### Exercise data:
== == ==

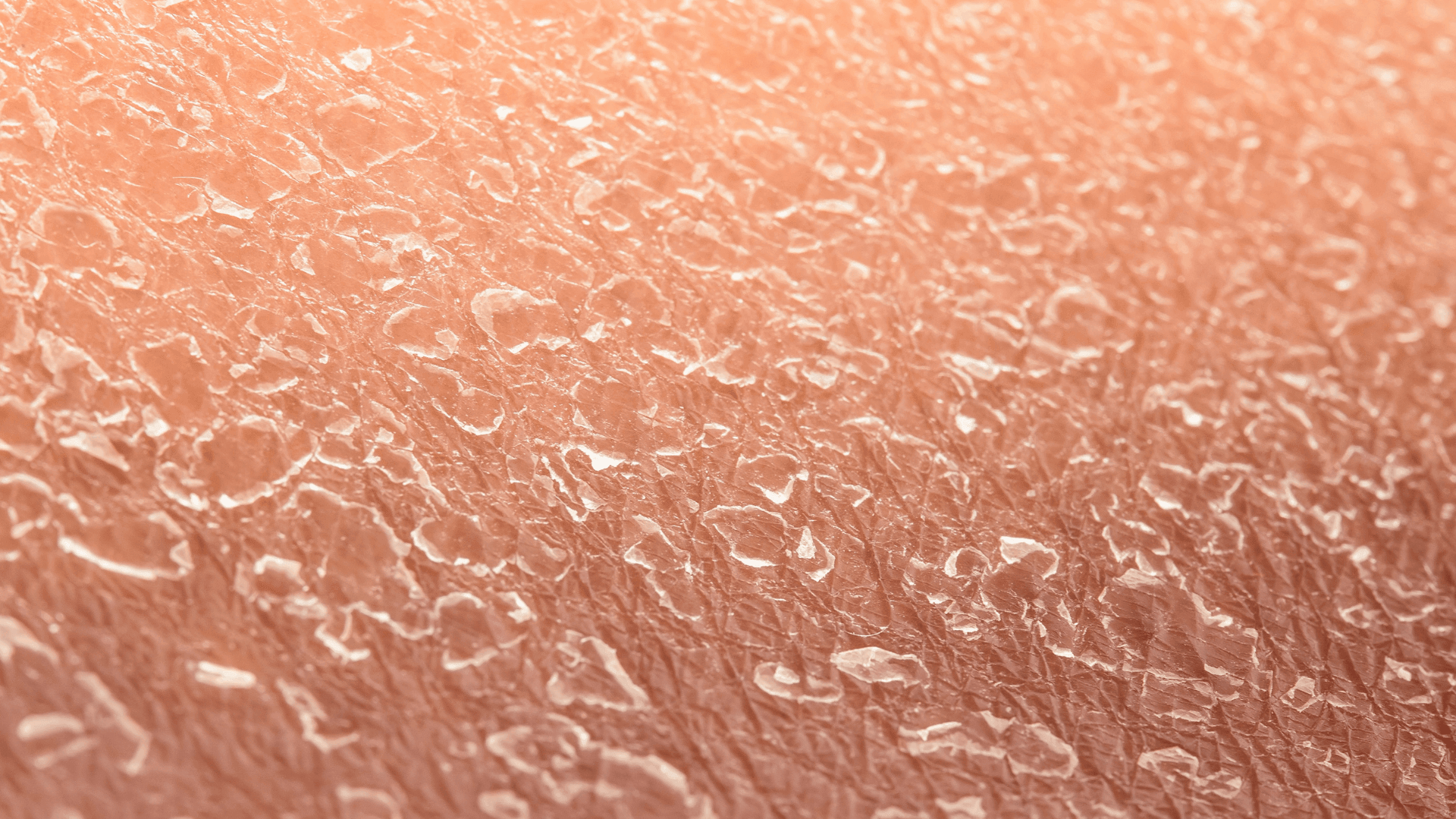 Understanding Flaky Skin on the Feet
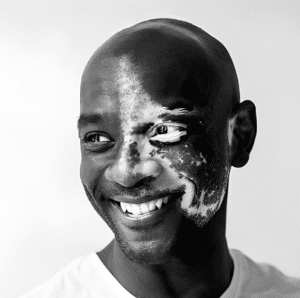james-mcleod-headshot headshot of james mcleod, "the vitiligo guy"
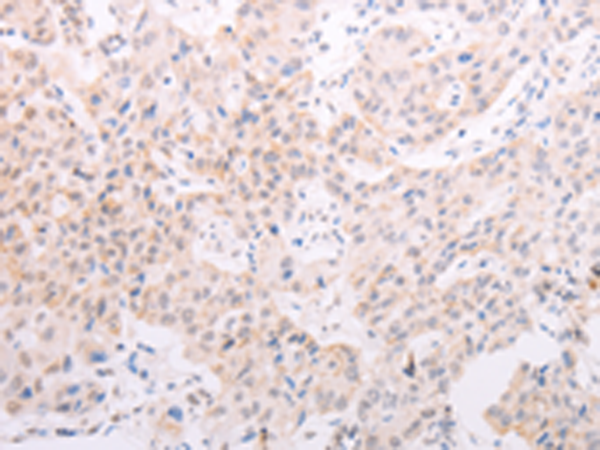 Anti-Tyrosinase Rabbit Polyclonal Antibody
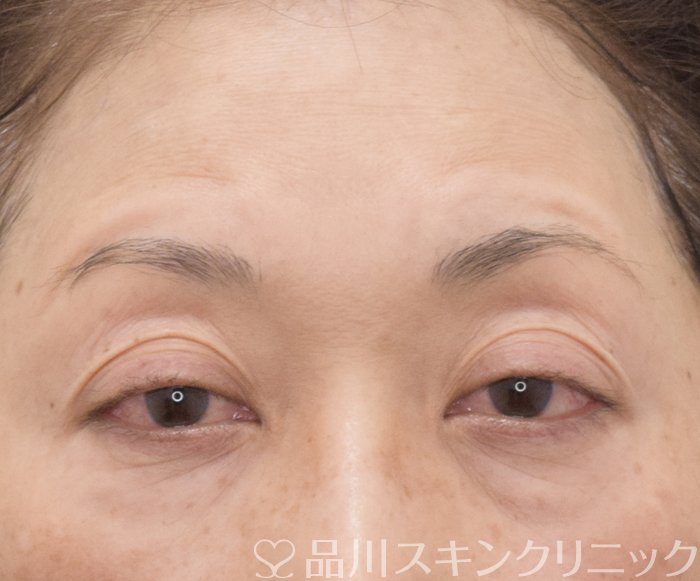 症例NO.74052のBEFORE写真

== == ==

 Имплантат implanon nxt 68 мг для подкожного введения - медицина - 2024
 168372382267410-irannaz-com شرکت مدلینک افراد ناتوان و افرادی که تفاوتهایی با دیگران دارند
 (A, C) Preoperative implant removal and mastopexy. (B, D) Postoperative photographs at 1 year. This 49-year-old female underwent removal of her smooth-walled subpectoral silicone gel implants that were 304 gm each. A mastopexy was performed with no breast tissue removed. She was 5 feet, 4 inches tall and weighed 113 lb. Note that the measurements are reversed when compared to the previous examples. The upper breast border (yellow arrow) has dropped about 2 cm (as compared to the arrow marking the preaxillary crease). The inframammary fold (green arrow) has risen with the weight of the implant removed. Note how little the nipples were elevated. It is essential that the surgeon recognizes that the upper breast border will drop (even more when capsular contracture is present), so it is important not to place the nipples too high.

== == ==

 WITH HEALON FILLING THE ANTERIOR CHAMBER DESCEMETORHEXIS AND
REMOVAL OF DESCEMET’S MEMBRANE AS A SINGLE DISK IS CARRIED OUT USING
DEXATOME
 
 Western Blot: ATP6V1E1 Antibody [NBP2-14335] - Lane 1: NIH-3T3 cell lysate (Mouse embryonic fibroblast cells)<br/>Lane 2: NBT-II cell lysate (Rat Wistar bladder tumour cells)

== == ==

### What to produce:
Set the pictures aside and reproduce exactly the lines above, from the line holding "Understanding Flaky Skin on the Feet" through the line holding "症例NO.74052のBEFORE写真", both included, with nothing else.

### Result:
 Understanding Flaky Skin on the Feet
james-mcleod-headshot headshot of james mcleod, "the vitiligo guy"
 Anti-Tyrosinase Rabbit Polyclonal Antibody
 症例NO.74052のBEFORE写真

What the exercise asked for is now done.